Working data>
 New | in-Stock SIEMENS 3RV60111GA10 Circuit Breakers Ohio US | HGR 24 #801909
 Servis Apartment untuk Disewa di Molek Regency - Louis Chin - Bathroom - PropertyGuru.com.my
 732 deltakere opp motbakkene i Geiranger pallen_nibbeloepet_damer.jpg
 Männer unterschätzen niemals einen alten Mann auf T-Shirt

---

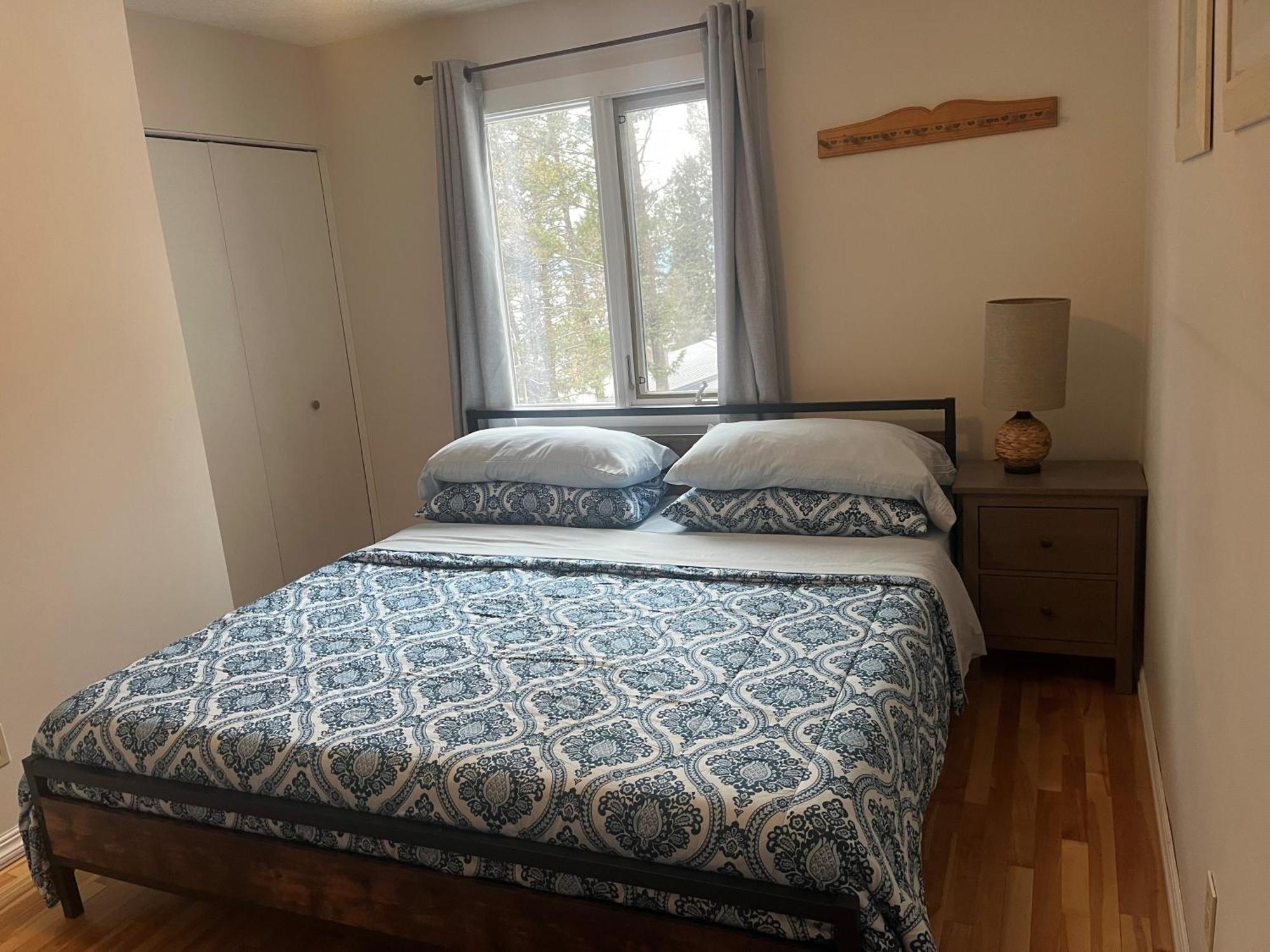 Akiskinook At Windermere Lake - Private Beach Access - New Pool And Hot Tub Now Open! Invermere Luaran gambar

Task goal> Wherever the line holding "732 deltakere opp" falls in the entries above, copy exactly from it through the line holding "Männer unterschätzen niemals", inclusive, and add nothing.

Solution to the problem>
 732 deltakere opp motbakkene i Geiranger pallen_nibbeloepet_damer.jpg
 Männer unterschätzen niemals einen alten Mann auf T-Shirt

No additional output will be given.